Dramatic Anti-Obesity PSA Aims To Shock Parents Into Avoiding Feeding Kids Junk Food

Dramatic Anti-Obesity PSA Aims To Shock Parents Into Avoiding Feeding Kids Junk Food

In a year-old PSA that's just recently started going viral, an obese character named Jim is rushed to the hospital because of a heart attack.

The video, created by Children’s Healthcare of Atlanta, rewinds through Jim's life to show how he ended up breathless on a stretcher. In a stark dramatization, adult Jim guzzles Cokes, waits on fast-food drive-thru lines and plays videogames, child Jim plays older video games (Hello, Nintendo), and baby Jim is fed French fries because it's the only snack that calms him down.

At the end of the spot, while doctors prepare to operate on Jim, a message flashes across the screen: "Your child's future doesn't have to look like this. There's still time to reverse the unhealthy habits our kids take into adulthood," it reads.

While the video implies that Jim's fate is ultimately his parents' fault, the Children’s Healthcare of Atlanta's Strong4Life website reassures, "Don’t worry; we didn’t create the video to make you feel guilty."

The actions in the PSA may be extreme -- are most parents force-feeding their babies French fries in their high-chairs? -- but it is meant to encourage moms and dads to instill healthy habits in children early on. While some research indicates that childhood obesity rates have improved among preschoolers, a recent study found that rates among kids ages 2-19 have actually increased over the past 14 years. Given that nearly 1 in 3 parents of children referred to an obesity clinic, tracked in a recent study, did not perceive their child's weight as a health problem, the organization may be onto something by targeting them.
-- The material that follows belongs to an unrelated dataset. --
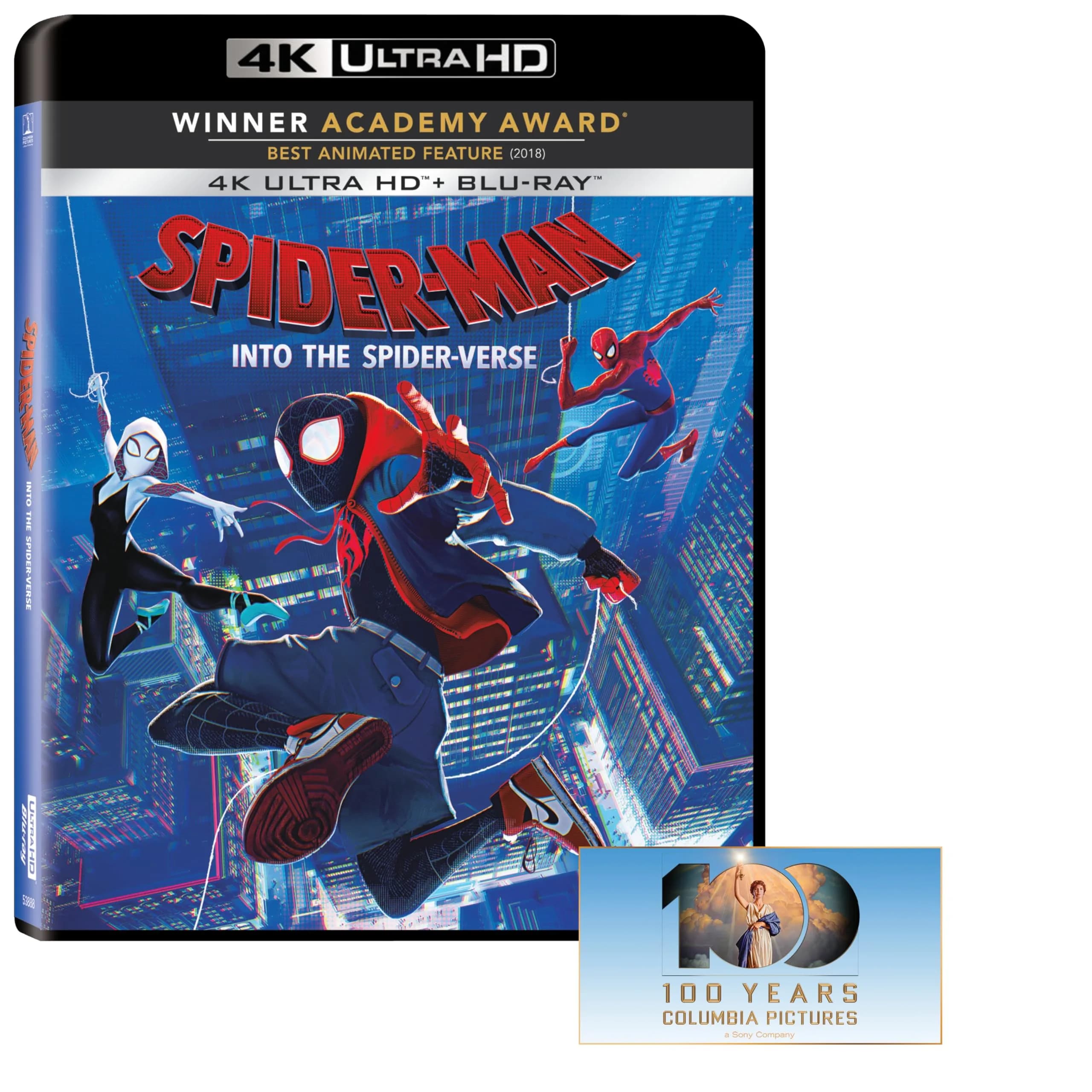 Spider-Man: Into the Spider-Verse 4K + Blu-ray 2-Disc Set | Oscar-Winning Animated Adventure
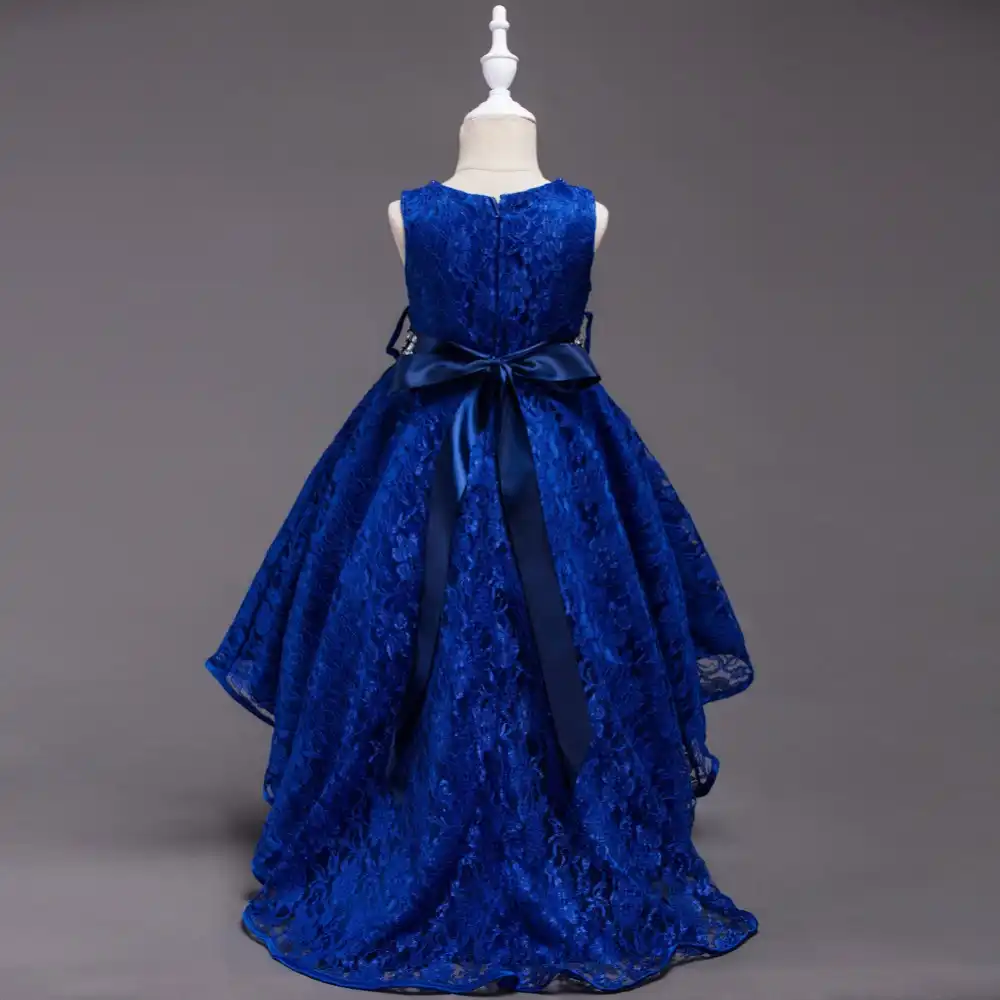 kids dress blue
However, a Buzzfeed commenter and mom of one Montana Wildhack joins other critics pointing out that parents' choices are not the only factors that contribute to childhood or adulthood obesity. "Mom and dad in real life might be poor and live in a food desert with limited transport and only access to convenience stores for food, not exactly the place to find kale," Wildhack writes.